[Extracted data]:
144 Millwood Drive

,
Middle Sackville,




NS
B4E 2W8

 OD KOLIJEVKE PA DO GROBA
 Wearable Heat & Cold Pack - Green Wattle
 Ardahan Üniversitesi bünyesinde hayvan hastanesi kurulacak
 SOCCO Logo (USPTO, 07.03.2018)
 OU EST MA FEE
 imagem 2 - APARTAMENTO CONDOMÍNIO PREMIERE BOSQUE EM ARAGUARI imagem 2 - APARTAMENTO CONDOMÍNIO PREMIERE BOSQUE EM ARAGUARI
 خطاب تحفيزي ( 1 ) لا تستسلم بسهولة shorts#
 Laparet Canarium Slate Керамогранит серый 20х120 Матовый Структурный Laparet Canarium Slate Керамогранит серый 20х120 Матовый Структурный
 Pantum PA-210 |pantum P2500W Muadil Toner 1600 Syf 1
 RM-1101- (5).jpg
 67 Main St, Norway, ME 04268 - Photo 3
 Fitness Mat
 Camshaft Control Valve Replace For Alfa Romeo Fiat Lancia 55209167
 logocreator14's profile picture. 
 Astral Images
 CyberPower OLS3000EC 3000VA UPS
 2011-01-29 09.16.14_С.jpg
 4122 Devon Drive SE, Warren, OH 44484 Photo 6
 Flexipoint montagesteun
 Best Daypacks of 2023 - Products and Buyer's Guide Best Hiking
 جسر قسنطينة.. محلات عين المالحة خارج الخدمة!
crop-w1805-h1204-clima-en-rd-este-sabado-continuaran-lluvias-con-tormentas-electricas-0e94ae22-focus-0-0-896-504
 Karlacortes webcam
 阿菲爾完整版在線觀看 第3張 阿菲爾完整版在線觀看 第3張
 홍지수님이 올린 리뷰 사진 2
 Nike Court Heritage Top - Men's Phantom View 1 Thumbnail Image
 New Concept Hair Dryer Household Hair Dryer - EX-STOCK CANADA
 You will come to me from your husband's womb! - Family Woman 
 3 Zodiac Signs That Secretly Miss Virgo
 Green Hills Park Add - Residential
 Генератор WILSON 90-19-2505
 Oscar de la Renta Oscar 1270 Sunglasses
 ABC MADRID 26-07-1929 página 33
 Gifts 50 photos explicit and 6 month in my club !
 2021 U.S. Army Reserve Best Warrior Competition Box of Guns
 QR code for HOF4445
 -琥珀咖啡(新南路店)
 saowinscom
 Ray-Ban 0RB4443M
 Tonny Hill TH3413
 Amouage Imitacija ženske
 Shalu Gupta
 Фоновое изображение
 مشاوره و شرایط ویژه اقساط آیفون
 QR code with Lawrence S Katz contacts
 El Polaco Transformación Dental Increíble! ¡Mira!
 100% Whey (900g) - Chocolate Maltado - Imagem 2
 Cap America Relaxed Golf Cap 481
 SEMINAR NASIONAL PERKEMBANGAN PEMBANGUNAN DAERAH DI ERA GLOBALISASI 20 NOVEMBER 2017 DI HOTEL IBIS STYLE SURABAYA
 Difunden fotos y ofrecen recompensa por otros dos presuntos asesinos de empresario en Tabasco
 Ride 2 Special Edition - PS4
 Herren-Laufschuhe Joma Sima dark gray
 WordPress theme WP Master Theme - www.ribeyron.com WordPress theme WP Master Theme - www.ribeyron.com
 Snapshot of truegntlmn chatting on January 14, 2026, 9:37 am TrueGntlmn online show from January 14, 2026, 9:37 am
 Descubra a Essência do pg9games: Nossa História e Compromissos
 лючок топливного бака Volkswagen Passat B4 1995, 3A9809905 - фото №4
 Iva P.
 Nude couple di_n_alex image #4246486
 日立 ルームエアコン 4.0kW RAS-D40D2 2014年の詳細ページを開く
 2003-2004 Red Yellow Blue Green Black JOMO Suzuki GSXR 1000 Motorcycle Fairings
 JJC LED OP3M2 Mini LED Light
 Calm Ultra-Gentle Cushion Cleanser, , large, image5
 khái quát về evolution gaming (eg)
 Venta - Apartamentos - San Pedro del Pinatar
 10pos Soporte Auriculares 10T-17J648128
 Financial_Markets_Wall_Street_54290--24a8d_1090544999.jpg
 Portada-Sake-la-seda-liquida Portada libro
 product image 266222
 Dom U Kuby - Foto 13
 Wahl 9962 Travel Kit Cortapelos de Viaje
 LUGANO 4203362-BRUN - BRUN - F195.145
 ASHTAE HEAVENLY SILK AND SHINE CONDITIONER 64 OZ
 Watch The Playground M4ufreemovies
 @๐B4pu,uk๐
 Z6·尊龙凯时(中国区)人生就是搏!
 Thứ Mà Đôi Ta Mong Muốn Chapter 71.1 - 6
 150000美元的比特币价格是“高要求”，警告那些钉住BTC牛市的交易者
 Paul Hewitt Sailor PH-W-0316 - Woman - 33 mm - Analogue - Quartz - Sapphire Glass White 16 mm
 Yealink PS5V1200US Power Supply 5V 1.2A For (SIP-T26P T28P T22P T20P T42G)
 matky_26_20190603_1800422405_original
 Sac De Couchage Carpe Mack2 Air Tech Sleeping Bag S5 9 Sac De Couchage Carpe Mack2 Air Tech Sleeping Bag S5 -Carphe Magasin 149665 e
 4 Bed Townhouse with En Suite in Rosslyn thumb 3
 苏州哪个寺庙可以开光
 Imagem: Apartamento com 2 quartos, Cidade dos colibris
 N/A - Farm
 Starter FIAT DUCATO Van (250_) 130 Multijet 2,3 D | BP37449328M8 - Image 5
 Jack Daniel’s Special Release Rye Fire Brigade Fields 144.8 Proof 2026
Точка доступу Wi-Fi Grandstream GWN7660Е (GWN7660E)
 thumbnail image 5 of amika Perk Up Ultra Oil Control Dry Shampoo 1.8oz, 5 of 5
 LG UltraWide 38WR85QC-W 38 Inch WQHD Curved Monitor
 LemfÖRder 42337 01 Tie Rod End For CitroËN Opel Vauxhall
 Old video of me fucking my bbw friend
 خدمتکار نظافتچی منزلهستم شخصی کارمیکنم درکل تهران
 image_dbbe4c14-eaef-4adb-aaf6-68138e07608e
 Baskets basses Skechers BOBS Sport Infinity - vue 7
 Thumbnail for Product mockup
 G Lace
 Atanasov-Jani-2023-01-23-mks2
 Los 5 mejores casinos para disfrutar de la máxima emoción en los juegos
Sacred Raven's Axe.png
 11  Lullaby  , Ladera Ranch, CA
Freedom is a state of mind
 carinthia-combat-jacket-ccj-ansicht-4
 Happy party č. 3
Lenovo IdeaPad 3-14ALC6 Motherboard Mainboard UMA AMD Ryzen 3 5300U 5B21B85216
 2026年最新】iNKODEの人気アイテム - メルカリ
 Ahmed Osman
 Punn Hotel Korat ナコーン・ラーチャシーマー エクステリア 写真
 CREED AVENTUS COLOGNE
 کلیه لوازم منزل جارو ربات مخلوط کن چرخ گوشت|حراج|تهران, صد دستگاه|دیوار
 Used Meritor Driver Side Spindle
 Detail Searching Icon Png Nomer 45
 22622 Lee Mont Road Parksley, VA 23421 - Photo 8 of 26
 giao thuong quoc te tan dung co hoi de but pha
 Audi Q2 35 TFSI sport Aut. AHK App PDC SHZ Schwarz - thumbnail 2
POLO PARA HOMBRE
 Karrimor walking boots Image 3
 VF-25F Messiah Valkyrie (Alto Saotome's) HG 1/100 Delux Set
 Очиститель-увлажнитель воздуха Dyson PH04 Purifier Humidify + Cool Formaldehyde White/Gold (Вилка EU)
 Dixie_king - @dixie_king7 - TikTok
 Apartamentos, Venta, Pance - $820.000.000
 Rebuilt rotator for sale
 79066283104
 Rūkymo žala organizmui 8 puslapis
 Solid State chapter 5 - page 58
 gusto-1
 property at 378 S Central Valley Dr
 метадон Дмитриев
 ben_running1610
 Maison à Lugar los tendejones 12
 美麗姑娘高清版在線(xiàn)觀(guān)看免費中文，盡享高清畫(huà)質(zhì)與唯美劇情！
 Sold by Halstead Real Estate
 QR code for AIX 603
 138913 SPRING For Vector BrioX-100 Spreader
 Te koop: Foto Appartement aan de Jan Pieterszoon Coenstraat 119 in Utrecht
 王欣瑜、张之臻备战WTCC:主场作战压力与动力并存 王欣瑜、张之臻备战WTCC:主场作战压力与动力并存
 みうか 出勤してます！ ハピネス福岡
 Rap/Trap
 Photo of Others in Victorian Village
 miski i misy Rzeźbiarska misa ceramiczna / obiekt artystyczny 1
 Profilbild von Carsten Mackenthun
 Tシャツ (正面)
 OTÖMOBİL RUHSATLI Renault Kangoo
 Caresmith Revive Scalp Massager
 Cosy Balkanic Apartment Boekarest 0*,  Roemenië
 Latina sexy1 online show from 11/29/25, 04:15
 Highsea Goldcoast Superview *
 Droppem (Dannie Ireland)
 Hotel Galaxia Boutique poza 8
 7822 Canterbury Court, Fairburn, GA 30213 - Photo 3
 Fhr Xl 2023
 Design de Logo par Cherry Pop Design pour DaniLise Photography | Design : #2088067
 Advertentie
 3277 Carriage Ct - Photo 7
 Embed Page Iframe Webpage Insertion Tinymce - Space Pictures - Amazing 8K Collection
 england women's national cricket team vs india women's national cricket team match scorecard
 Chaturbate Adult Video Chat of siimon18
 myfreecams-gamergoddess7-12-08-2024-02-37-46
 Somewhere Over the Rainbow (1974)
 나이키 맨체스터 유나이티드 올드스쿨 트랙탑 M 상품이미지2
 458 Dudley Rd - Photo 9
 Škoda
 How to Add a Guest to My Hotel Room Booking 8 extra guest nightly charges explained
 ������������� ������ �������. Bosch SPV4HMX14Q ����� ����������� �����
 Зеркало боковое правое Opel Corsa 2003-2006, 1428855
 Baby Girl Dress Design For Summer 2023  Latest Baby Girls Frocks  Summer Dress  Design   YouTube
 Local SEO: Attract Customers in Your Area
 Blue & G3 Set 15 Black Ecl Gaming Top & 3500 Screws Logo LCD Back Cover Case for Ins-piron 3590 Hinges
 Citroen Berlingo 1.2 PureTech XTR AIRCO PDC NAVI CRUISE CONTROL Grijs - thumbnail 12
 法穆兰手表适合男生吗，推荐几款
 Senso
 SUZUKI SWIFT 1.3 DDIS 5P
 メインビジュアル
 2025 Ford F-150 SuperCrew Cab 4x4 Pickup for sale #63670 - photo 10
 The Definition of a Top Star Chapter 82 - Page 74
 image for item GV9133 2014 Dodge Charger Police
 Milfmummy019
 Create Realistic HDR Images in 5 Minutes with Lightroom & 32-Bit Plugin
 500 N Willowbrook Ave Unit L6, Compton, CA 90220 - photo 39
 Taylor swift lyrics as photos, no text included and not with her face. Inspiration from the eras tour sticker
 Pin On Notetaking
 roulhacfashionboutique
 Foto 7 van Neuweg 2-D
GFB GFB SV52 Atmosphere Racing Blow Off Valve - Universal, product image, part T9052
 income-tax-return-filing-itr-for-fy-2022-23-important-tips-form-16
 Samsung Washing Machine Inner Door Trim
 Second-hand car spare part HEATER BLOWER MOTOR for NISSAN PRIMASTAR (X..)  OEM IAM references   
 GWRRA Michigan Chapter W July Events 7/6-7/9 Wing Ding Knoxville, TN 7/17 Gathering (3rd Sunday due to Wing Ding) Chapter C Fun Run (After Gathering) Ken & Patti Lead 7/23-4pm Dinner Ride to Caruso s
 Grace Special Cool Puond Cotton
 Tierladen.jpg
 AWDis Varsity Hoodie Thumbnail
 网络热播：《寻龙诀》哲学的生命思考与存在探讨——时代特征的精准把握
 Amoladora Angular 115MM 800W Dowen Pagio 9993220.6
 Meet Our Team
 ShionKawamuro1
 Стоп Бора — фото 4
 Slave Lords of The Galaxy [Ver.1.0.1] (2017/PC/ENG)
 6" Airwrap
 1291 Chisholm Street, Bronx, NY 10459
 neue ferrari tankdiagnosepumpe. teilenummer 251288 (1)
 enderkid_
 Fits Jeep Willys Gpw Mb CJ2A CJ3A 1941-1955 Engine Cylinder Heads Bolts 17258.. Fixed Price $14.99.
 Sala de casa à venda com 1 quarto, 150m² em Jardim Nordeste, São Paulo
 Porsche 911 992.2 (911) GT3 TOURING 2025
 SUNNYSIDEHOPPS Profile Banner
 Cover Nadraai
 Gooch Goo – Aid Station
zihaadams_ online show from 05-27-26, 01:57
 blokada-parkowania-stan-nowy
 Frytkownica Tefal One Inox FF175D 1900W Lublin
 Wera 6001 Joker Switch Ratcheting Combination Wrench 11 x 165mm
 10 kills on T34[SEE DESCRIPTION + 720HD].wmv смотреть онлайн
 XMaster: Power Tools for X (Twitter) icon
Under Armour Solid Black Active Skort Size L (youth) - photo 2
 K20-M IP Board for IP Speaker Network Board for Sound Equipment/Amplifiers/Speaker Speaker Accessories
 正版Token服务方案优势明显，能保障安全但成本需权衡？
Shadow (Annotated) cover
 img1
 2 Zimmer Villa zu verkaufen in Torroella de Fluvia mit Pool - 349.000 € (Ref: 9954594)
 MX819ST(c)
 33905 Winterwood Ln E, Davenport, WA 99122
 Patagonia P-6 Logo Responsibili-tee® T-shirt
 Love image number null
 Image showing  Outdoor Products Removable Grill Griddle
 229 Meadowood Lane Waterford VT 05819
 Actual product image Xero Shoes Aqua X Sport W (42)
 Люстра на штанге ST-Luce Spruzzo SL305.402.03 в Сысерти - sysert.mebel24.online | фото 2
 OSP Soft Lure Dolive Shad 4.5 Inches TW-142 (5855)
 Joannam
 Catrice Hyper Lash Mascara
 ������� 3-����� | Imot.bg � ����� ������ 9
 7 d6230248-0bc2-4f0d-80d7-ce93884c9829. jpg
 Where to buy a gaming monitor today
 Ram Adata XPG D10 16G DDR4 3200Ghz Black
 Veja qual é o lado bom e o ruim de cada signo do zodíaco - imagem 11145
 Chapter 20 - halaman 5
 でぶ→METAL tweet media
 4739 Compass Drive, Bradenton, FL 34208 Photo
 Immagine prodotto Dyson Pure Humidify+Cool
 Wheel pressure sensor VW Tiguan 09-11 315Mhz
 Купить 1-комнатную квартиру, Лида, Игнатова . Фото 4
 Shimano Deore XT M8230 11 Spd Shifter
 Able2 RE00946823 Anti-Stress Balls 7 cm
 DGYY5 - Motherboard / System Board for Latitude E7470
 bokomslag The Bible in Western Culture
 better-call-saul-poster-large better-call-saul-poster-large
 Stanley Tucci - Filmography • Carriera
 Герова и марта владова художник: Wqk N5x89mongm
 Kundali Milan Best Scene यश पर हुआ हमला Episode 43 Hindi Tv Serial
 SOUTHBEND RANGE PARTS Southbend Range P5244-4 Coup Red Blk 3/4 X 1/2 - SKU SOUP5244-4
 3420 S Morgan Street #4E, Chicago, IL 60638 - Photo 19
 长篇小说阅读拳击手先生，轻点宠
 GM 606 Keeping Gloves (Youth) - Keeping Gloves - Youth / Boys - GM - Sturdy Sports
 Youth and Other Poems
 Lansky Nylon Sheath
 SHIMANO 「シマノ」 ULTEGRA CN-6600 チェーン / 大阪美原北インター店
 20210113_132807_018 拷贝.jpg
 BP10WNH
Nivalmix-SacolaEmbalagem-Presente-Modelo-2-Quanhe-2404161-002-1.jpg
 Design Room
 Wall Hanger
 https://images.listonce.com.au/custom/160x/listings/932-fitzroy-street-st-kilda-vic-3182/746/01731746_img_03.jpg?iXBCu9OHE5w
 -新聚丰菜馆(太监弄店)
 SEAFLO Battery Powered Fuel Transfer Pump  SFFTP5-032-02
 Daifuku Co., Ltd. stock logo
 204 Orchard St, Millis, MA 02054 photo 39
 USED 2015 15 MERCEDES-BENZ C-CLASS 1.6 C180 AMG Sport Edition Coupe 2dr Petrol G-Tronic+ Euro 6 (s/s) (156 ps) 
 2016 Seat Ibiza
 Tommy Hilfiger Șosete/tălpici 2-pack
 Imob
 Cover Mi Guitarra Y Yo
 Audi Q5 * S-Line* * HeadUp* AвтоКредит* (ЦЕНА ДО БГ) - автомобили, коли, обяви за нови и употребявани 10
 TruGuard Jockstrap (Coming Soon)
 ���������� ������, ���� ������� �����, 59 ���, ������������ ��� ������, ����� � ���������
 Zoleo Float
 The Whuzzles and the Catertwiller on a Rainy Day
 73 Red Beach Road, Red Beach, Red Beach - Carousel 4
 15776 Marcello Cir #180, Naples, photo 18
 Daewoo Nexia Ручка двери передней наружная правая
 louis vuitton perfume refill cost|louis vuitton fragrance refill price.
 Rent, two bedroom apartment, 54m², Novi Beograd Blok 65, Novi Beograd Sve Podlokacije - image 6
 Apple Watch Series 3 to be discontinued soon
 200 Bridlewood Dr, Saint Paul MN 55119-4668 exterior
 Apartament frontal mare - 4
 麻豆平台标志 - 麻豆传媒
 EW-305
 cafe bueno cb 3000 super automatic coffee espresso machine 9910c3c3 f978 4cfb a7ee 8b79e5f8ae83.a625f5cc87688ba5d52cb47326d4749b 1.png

[Your assignment]:
Look above for the line holding "33905 Winterwood Ln E, Davenport, WA 99122" and the line holding "Shimano Deore XT M8230 11 Spd Shifter", then output exactly those two lines and every line between them, nothing more.

[Written response]:
 33905 Winterwood Ln E, Davenport, WA 99122
 Patagonia P-6 Logo Responsibili-tee® T-shirt
 Love image number null
 Image showing  Outdoor Products Removable Grill Griddle
 229 Meadowood Lane Waterford VT 05819
 Actual product image Xero Shoes Aqua X Sport W (42)
 Люстра на штанге ST-Luce Spruzzo SL305.402.03 в Сысерти - sysert.mebel24.online | фото 2
 OSP Soft Lure Dolive Shad 4.5 Inches TW-142 (5855)
 Joannam
 Catrice Hyper Lash Mascara
 ������� 3-����� | Imot.bg � ����� ������ 9
 7 d6230248-0bc2-4f0d-80d7-ce93884c9829. jpg
 Where to buy a gaming monitor today
 Ram Adata XPG D10 16G DDR4 3200Ghz Black
 Veja qual é o lado bom e o ruim de cada signo do zodíaco - imagem 11145
 Chapter 20 - halaman 5
 でぶ→METAL tweet media
 4739 Compass Drive, Bradenton, FL 34208 Photo
 Immagine prodotto Dyson Pure Humidify+Cool
 Wheel pressure sensor VW Tiguan 09-11 315Mhz
 Купить 1-комнатную квартиру, Лида, Игнатова . Фото 4
 Shimano Deore XT M8230 11 Spd Shifter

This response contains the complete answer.